Problem requirements | The data shown below should all be retyped exactly.

Recorded information |
+ + + +

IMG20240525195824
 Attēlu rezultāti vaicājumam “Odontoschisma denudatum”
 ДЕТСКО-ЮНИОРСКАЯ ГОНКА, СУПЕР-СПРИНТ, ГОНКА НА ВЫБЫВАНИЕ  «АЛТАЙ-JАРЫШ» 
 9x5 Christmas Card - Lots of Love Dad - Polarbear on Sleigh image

+ + + +

Reply to the task |
IMG20240525195824
 Attēlu rezultāti vaicājumam “Odontoschisma denudatum”
 ДЕТСКО-ЮНИОРСКАЯ ГОНКА, СУПЕР-СПРИНТ, ГОНКА НА ВЫБЫВАНИЕ  «АЛТАЙ-JАРЫШ» 
 9x5 Christmas Card - Lots of Love Dad - Polarbear on Sleigh image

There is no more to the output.